A broad alliance seeking to unseat Iraq's prime minister on Wednesday failed to persuade the country's president to make a first move by calling a parliamentary no-confidence vote against the government, a lawmaker said.
Iraq's Shiite-dominated ruling coalition is increasingly shaky. One coalition member, the heavily Sunni Iraqiya movement, has long complained about being shut out of decision-making. Recently, two other groups Prime Minister Nouri al-Maliki had courted successfully _ Kurds and the hard-line Shiite followers of prominent cleric Muqtada al-Sadr _ have also threatened to defect.
On Wednesday, Iraqi President Jalal Talabani held a round of meetings with Kurdish, Sunni and Sadrist politicians in a resort in Iraq's autonomous northern Kurdistan region to hear their demands.
"They could not persuade the president to send a message to parliament to hold a vote of no-confidence," said Kurdish lawmaker Mahmud Othman. He said Talabani prefers to convene talks among all coalition members to resolve their differences.
Talabani later issued a vague statement, saying he remained committed to the constitution.
Even if a no-confidence vote were held, it is not clear if al-Maliki's opponents could muster the needed absolute majority, or 163 of parliament's 325 members, to bring down the government.
Earlier Wednesday, two senior politicians said Iraq's powerful Shiite neighbor, Iran, has stepped up efforts to protect al-Maliki.
"There is some Iranian pressure on the president (Talabani) not to send the letter to parliament (requesting the no-confidence vote) and to support al-Maliki," said a lawmaker of al-Maliki's political bloc, speaking on condition of anonymity because he was not permitted to discuss sensitive political dealings with reporters.
Talabani is a Kurd but has close ties to Iran.

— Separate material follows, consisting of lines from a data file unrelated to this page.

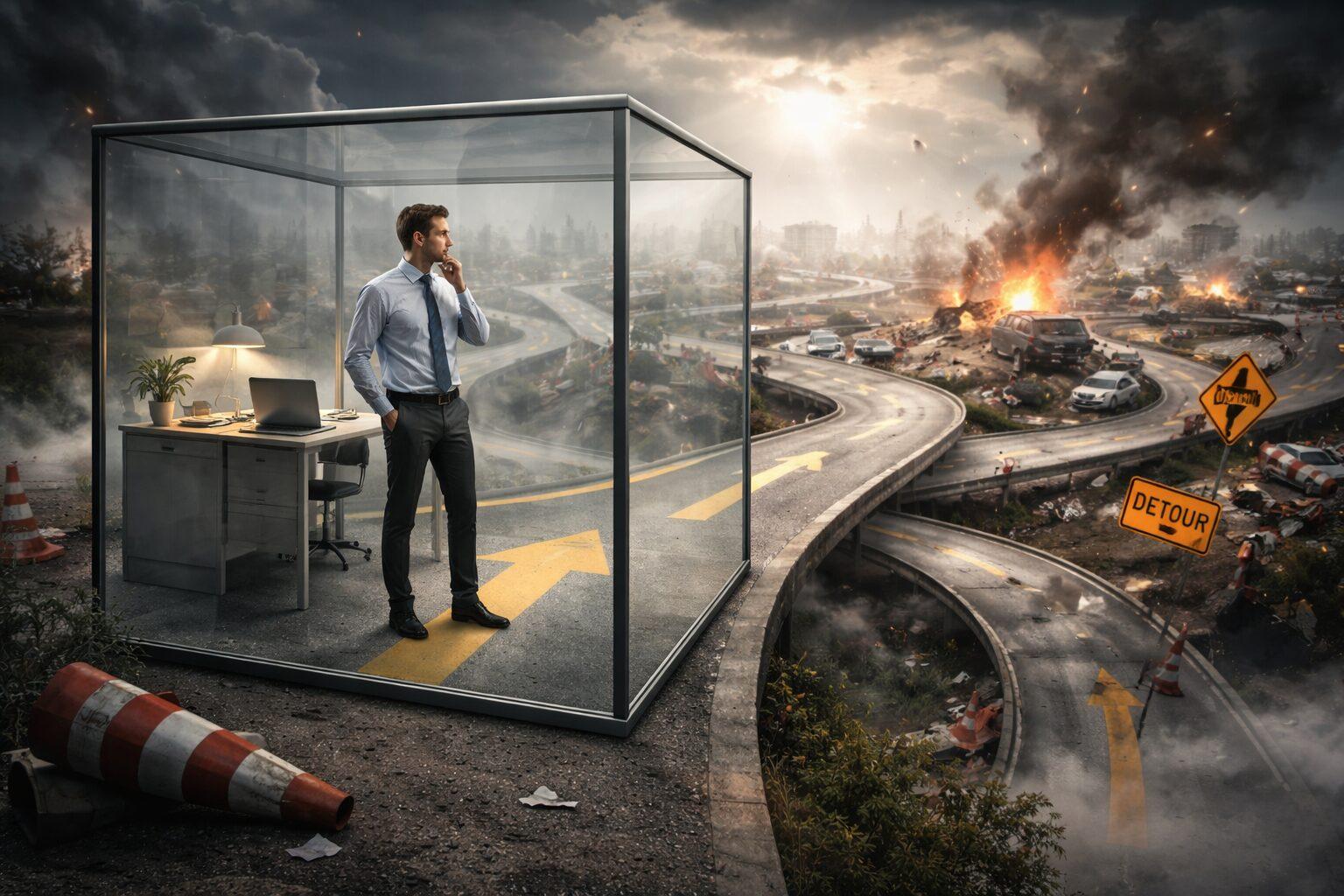 O comportamento profissional que parece prudente, mas trava oportunidades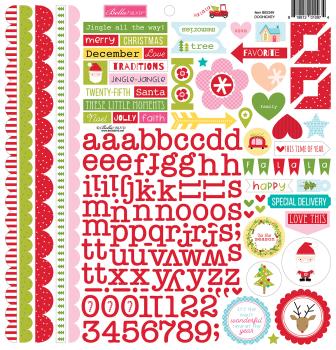 Bella BLVD Fa La La Doohickey Cardstock Sticker 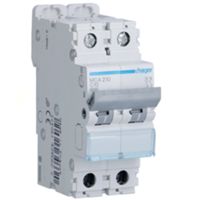 Hager MCA210 - magnetotermico 2P C10 6KA 2M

A senior Sadrist said al-Maliki is still seen by the movement as the best option, despite growing concerns that he is amassing power. Iran's top Shiite cleric, Grand Ayatollah Kazim al-Haeri, recently sent a message to al-Sadr urging him to avoid splitting Iraq's Shiites, said the Sadrist, who also spoke on condition of anonymity.
"There is a problem because the downfall of al-Maliki would create rifts among Shiites," said the Sadrist politician.